Really really nice guy, very helpfull. He stopped emailing me a while back cause it took me a month to respond every time he maile dand I think that tee'd him off a bit. I was quite busy at the time, and not on the computer much, which is a good thing
He was very generous to me though, great fella. I recall he had a plywood canoe that was covered with something or other. Reminded me of your, although your looks like sideways plaking. VERY unusual. I can't imagine they would not show great interest in that on WCHA. Did you post a picture for them?
Let us know and most certainly keep us up to date, that is very interesting.
Last Edit: Aug 21, 2006 13:28:05 GMT -5 by peterng
Thanks..I'll do that, it does have a sideways planking, dont know what its made of though.I do know its got brass nails on the planks and brass screws holding the trim on though. I'll let you know if I ever find out anything..probably just something someone made you think?

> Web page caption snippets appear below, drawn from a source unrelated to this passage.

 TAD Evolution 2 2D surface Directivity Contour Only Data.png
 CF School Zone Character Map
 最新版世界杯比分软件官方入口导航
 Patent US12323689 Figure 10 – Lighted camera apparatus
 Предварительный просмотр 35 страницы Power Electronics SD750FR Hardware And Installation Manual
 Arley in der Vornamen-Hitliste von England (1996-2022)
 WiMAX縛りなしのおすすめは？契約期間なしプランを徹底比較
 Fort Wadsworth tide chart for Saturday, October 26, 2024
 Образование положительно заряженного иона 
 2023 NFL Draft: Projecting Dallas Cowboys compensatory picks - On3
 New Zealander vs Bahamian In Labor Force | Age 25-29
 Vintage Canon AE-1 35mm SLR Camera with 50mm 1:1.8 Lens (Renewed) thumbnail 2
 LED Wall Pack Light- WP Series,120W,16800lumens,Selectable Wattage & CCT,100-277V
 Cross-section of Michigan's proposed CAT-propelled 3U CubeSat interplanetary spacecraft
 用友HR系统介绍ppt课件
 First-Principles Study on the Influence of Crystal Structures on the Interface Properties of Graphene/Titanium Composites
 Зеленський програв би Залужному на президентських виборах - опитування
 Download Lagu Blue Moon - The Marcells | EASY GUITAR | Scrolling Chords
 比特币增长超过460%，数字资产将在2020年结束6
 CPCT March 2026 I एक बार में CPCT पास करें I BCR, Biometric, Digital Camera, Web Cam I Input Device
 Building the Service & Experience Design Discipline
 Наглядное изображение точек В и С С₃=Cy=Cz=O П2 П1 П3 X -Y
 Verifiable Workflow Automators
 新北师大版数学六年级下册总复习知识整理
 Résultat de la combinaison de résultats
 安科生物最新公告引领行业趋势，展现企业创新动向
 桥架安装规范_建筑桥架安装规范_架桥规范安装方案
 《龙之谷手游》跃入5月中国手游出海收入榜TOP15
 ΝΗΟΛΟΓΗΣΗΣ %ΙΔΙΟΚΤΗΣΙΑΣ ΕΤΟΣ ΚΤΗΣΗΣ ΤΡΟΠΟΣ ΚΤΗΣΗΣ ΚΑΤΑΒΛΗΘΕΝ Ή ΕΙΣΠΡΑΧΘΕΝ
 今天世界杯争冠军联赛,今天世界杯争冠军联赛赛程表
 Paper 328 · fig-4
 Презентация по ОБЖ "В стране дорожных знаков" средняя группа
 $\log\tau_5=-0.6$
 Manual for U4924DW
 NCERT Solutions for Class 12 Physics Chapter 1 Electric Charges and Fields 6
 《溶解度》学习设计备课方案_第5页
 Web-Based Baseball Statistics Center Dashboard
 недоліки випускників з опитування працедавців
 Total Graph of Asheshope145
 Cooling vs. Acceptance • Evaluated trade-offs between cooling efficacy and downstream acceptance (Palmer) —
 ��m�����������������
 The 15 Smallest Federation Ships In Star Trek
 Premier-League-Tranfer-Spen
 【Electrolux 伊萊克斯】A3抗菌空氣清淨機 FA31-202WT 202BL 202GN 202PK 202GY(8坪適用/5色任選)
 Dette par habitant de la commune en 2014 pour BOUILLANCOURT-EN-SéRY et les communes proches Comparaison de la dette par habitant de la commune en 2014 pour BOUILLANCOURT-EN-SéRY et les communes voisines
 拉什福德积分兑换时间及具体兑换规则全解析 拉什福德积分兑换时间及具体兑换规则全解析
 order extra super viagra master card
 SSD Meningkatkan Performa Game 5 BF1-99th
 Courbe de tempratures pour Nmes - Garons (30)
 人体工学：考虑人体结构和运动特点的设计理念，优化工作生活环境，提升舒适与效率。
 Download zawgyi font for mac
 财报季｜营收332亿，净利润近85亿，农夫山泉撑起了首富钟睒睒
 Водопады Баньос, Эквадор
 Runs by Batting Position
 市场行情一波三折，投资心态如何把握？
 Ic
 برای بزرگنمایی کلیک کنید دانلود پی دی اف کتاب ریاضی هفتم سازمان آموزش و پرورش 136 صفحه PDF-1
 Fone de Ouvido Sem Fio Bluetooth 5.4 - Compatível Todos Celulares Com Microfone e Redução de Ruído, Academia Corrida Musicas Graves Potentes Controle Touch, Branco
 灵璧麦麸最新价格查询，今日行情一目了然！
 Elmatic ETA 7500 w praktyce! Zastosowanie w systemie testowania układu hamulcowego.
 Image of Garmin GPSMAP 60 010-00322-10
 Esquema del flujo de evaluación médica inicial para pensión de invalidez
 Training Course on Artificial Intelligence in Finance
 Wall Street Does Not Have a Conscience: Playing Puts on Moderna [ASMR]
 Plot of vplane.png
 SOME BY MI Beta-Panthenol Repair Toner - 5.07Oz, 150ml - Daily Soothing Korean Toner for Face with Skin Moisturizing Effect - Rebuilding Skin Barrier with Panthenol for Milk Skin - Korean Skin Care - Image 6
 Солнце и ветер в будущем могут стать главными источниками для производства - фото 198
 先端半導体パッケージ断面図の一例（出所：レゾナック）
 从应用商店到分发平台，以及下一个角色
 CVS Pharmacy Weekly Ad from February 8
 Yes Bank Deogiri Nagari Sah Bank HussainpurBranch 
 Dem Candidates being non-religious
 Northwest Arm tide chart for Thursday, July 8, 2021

I am by no means any sort of authority but I can't imagine it being a one time construction technique. There were many different building techniques, a very few of which I have seen. Some were more popular than others but I'm sure that limited production existed on many different designs that just didn't become popular enough to have survived the years. I'd guess that there was a small to medium size shop somewhere that produced these, and that it originally didn't have fibreglass and that it is probably 80 years old. But I could be dreaming a little bit
It looks like it was set up for a sailing rig at one point, after the fact. The extensive decks also remind me of very old styles.
It looks like a version of the NOTACRACK canoe construction method that was employed by PECACO (Penobscot Canoe Company). The Pecaco canoe employed a spearhead design on the deck to reinforce the tips, but I don't know if they did it exclusively.
Here's a picture of the NOTACRACK design:
Your boat looks like figure 'B'
Dunphy Canoe had some extensive decks like yours, and had a cruiser which was close in dimensions which spoke of a "cedar batten' construction.
I'll post some pics for examples in a bit once I get my ftp login setup.
Are you measuring your length from tip of the deck to tip (on top)?
Last Edit: Aug 23, 2006 12:45:56 GMT -5 by peterng
Thanks for the help. I've tried looking for another canoe that looks like it but I could never find anything similar. I can't remember where I measured it..may have been total length on the longest part (It pulls back a bit at the top). Should it be from tip to tip? I tried emailing Jack, he hasn't replied yet but It hasn't been long. I have no idea how old it is. It was my uncles , he used to keep it out at catamaran lake in renous, we bought it from him, then it sat in the basement for about 15 years. I pulled it out and I'm now trying to get it back into shape. It's been a slow process.